Try it
Where an entry contains a picture, skip the picture and write out everything else exactly.

Records to process section start

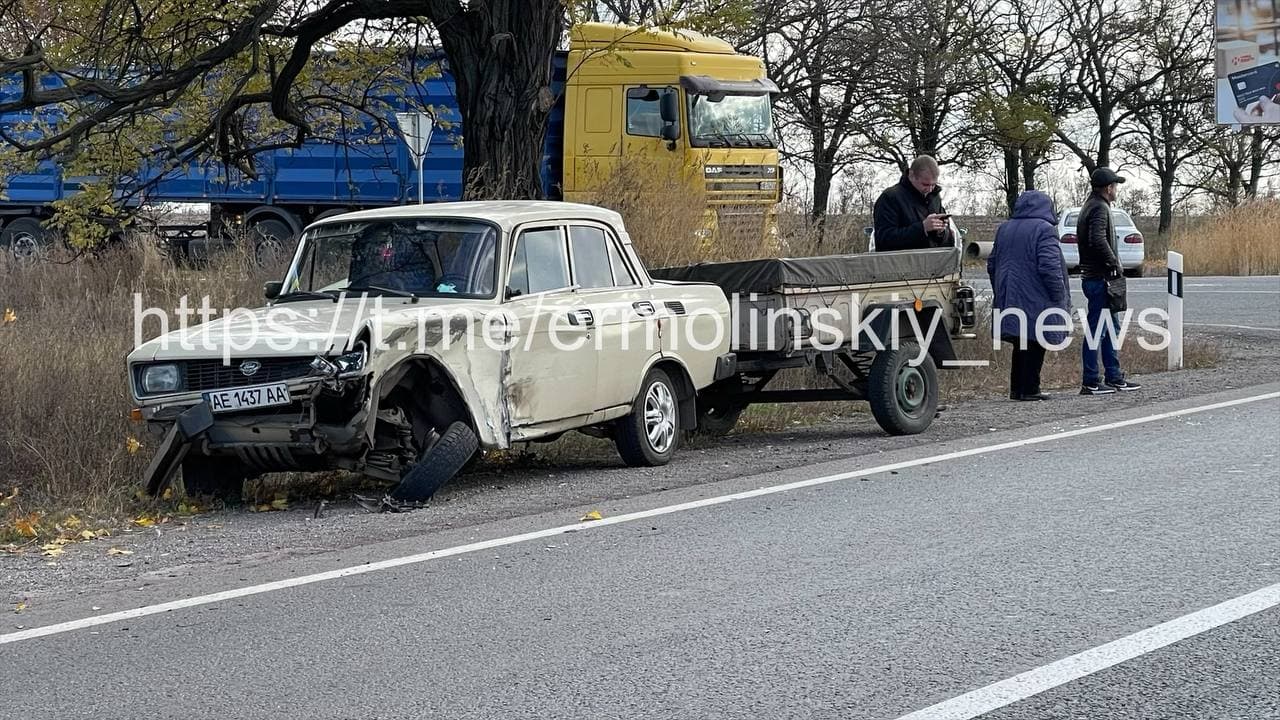 На трассе столкнулись пять машин  - фото: tg Олег Ермолинский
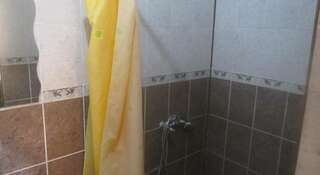 Гостиница Guest House Lunacharskogo 100A Геленджик Номер "Стандарт"-4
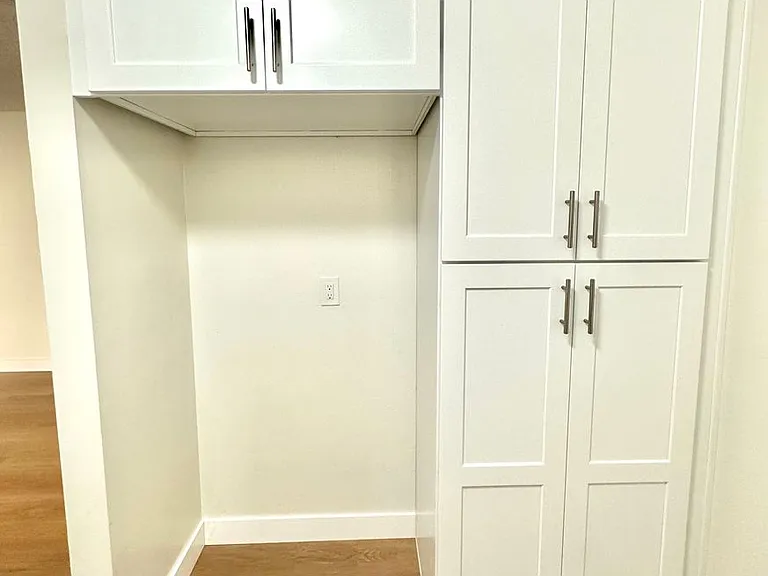 Lynrose Manor Apartments — Photo 6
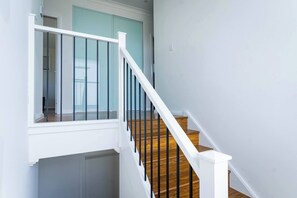 Interior - Macarthur Stay - Spacious 4BR Home with Outdoor Area (Claymore)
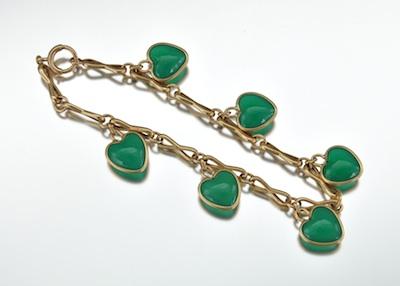A 14k Gold and Chrysoprase Heart b6528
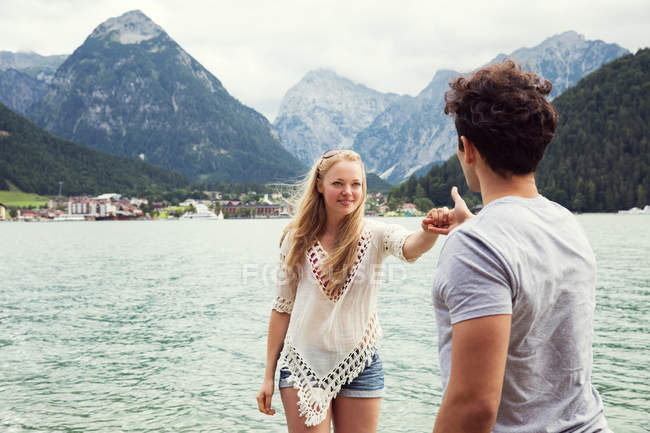 Couple by Achensee holding hands, Innsbruck, Tirol, Austria, Europe — Stock Photo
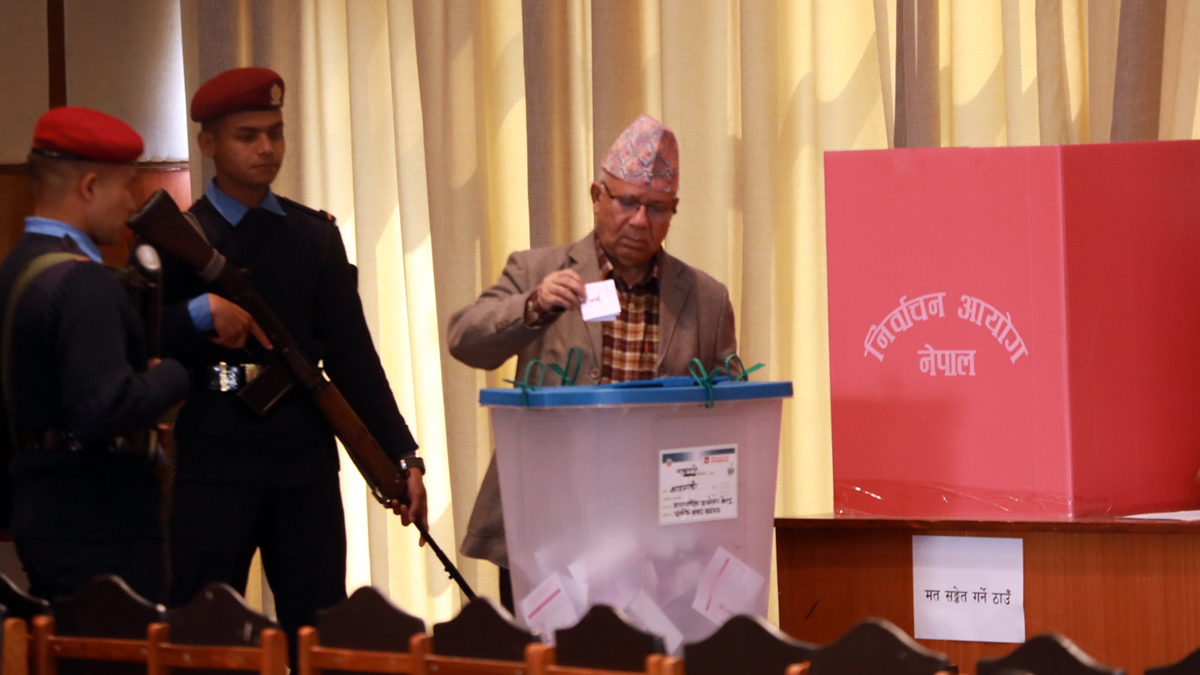 राष्ट्रपतिको निर्वाचनमा भोट क्रस हुने सम्भावना छैन : माधव नेपाल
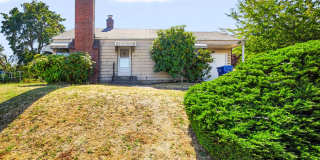 Charming Seattle Home with Sizable Yard, Private Garage, Yard & In-Unit Laundry Gallery 1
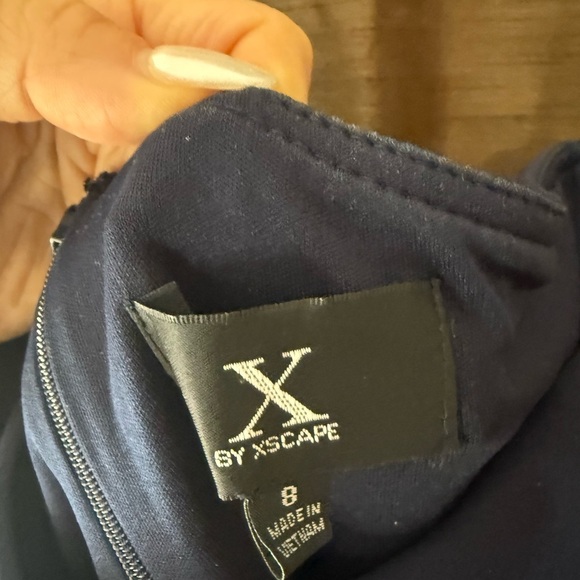 Xscape Marianna Navy One Shoulder Scuba Crepe Gown Size 8 Formal Dress - Picture 8 of 11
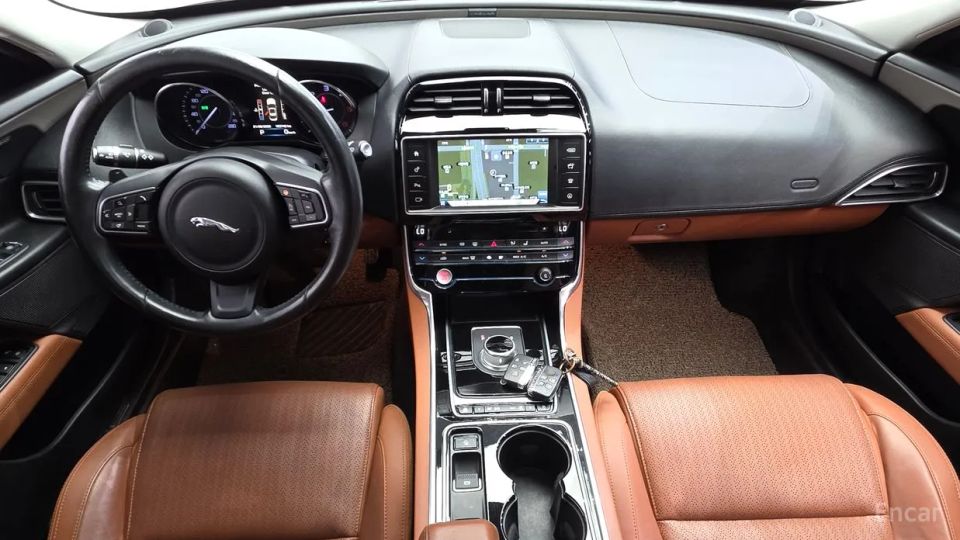 Jaguar XE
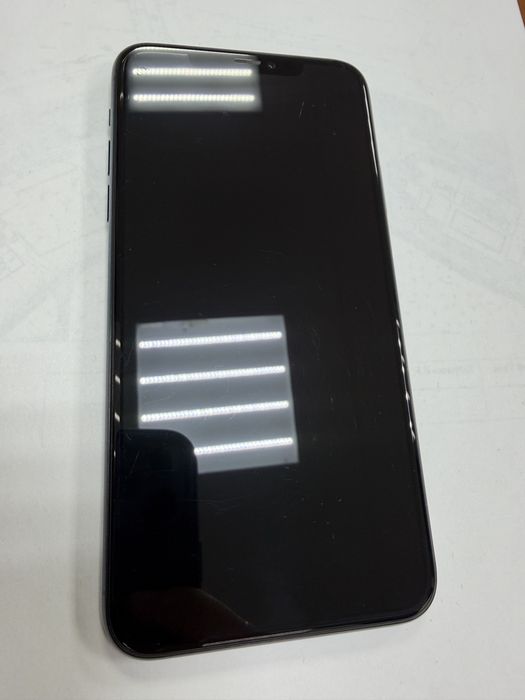 iPhone 11 pro max 256gb Midnight green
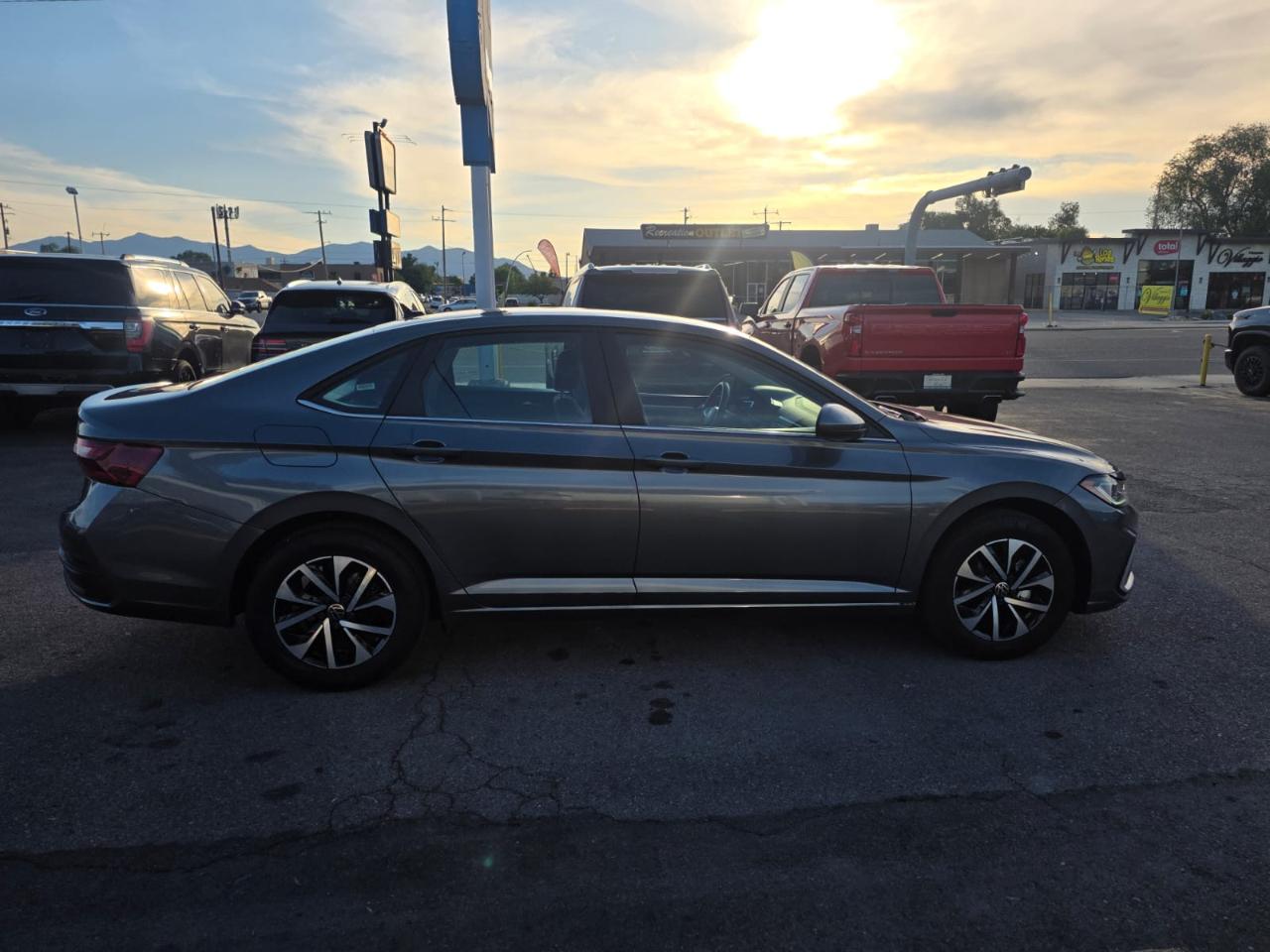Volkswagen Jetta S Auto 2025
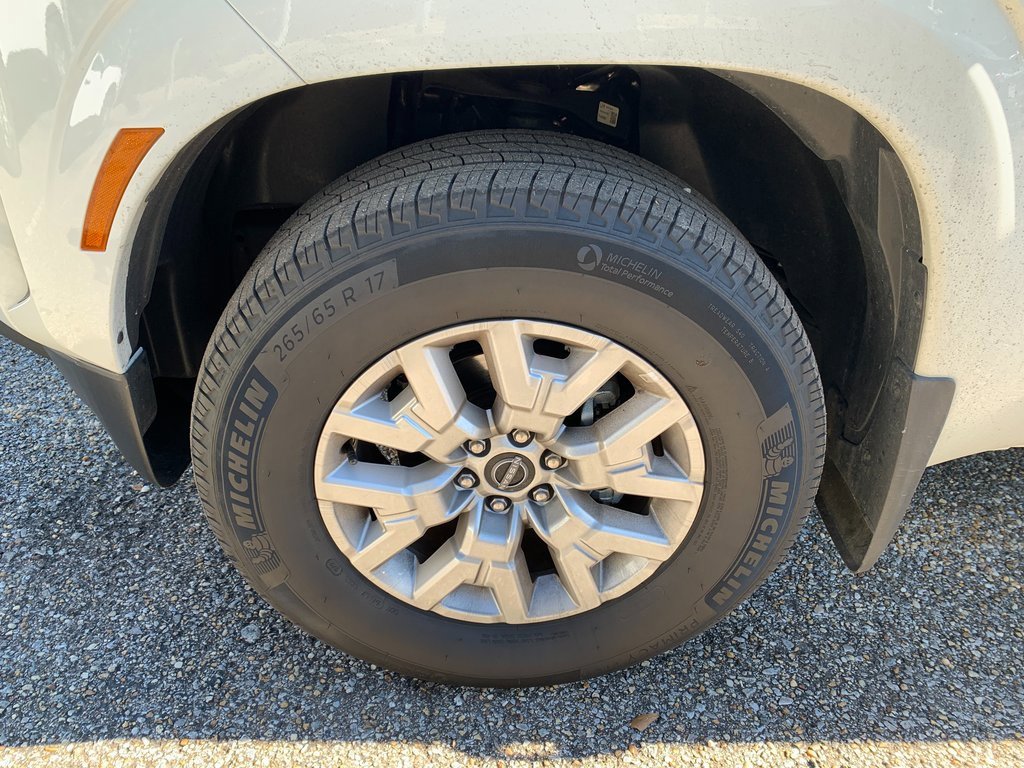 Used 2024 Nissan Frontier SV w/ SV Convenience Package image 9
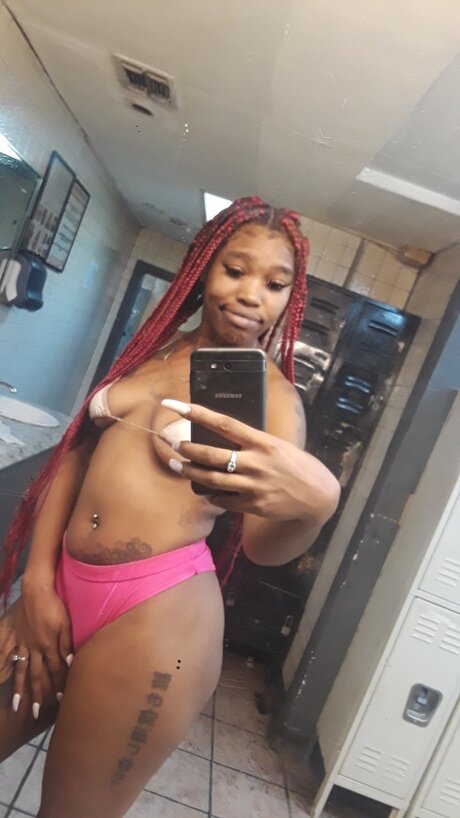 Photo nue de fuite OnlyFans de Candy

Records to process section end

Task answer
 На трассе столкнулись пять машин  - фото: tg Олег Ермолинский
 Гостиница Guest House Lunacharskogo 100A Геленджик Номер "Стандарт"-4
 Lynrose Manor Apartments — Photo 6
 Interior - Macarthur Stay - Spacious 4BR Home with Outdoor Area (Claymore)
A 14k Gold and Chrysoprase Heart b6528
 Couple by Achensee holding hands, Innsbruck, Tirol, Austria, Europe — Stock Photo
 राष्ट्रपतिको निर्वाचनमा भोट क्रस हुने सम्भावना छैन : माधव नेपाल
 Charming Seattle Home with Sizable Yard, Private Garage, Yard & In-Unit Laundry Gallery 1
 Xscape Marianna Navy One Shoulder Scuba Crepe Gown Size 8 Formal Dress - Picture 8 of 11
 Jaguar XE
 iPhone 11 pro max 256gb Midnight green
Volkswagen Jetta S Auto 2025
 Used 2024 Nissan Frontier SV w/ SV Convenience Package image 9
 Photo nue de fuite OnlyFans de Candy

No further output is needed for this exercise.